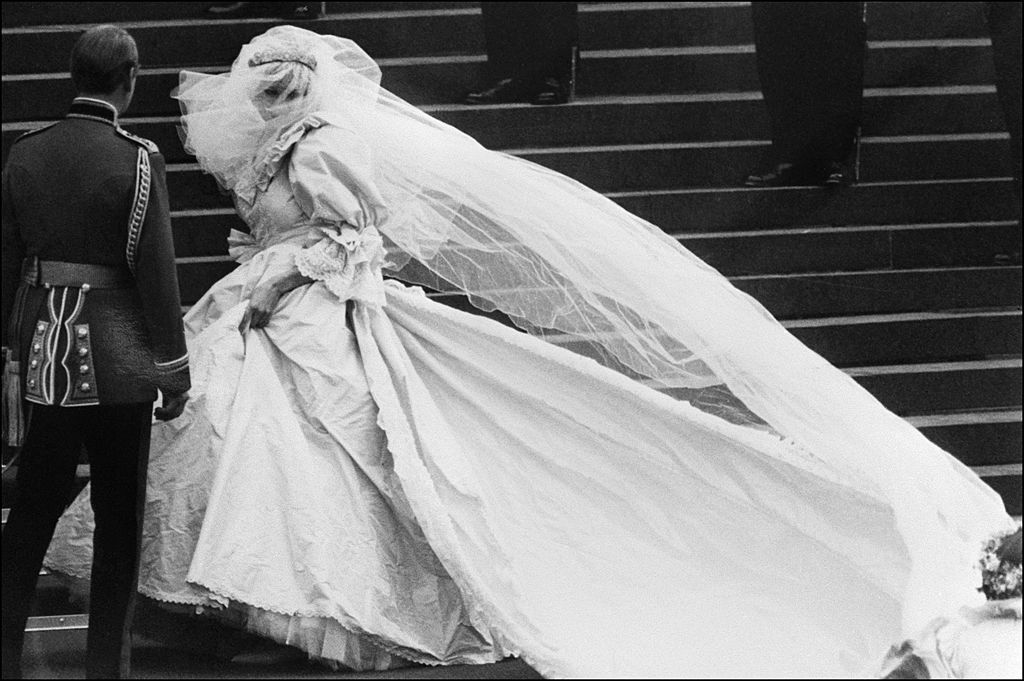 A black and white photo of Princess Diana walking up the stairs in her famous wedding gown. A black and white photo of Princess Diana walking up the stairs in her famous wedding gown.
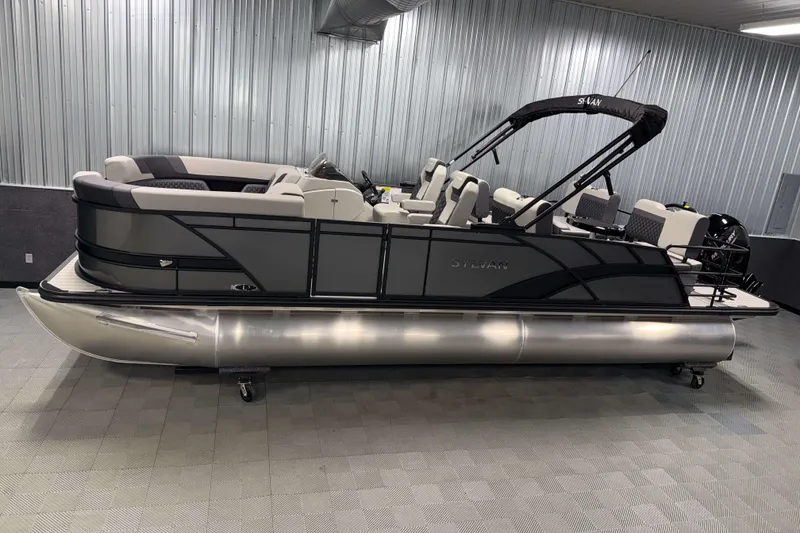 The Image of 2026 Sylvan L3 RLZ pontoon boat in a showroom with sleek design and modern seating. - 0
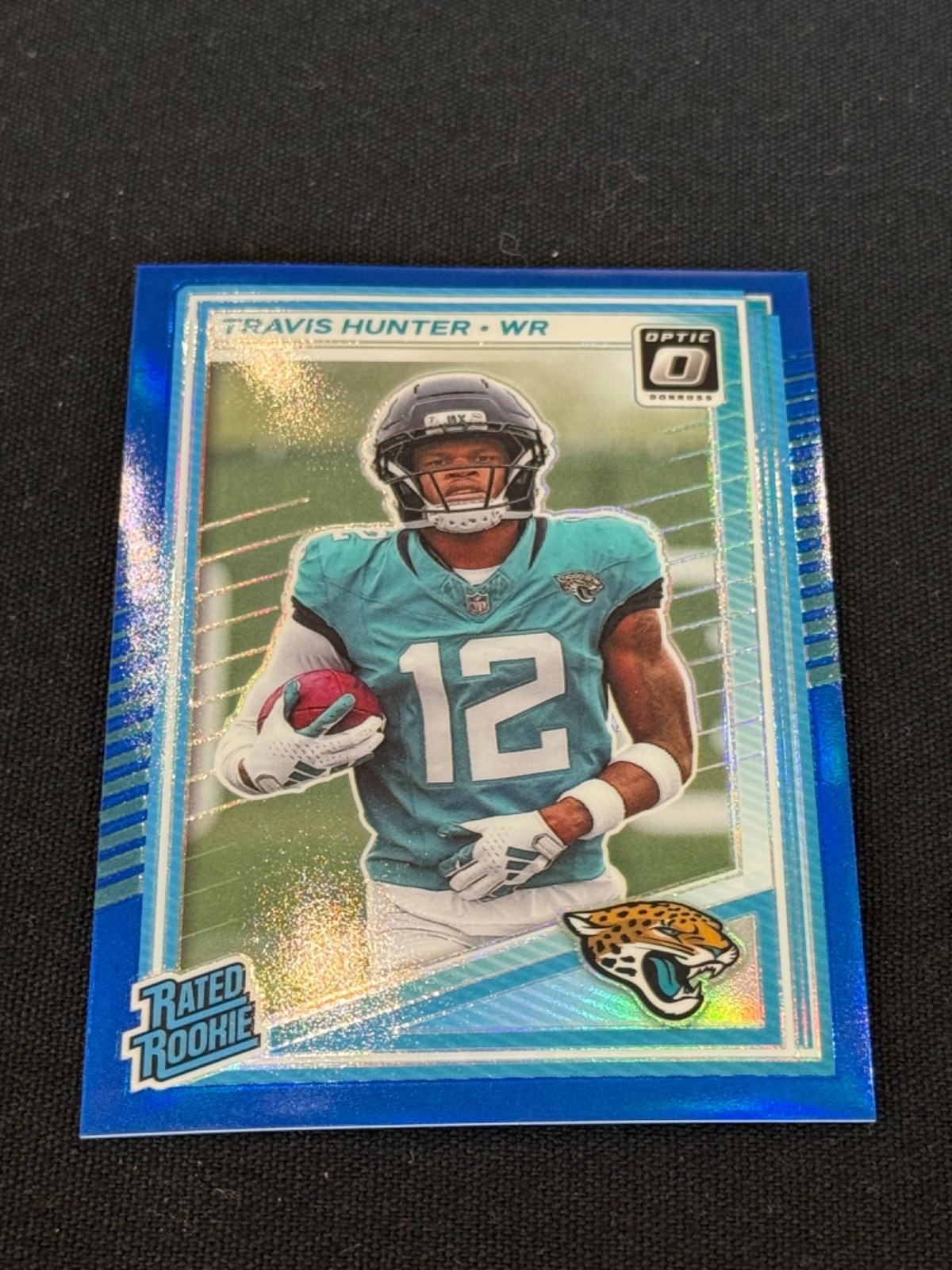 2025 Panini Donruss Optic Travis Hunter RC Blue /249 Rated Rookie #201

------

Your assignment: Leave the pictures out, and print every line of the listing exactly as written.

Exercise solution:
 A black and white photo of Princess Diana walking up the stairs in her famous wedding gown. A black and white photo of Princess Diana walking up the stairs in her famous wedding gown.
 The Image of 2026 Sylvan L3 RLZ pontoon boat in a showroom with sleek design and modern seating. - 0
 2025 Panini Donruss Optic Travis Hunter RC Blue /249 Rated Rookie #201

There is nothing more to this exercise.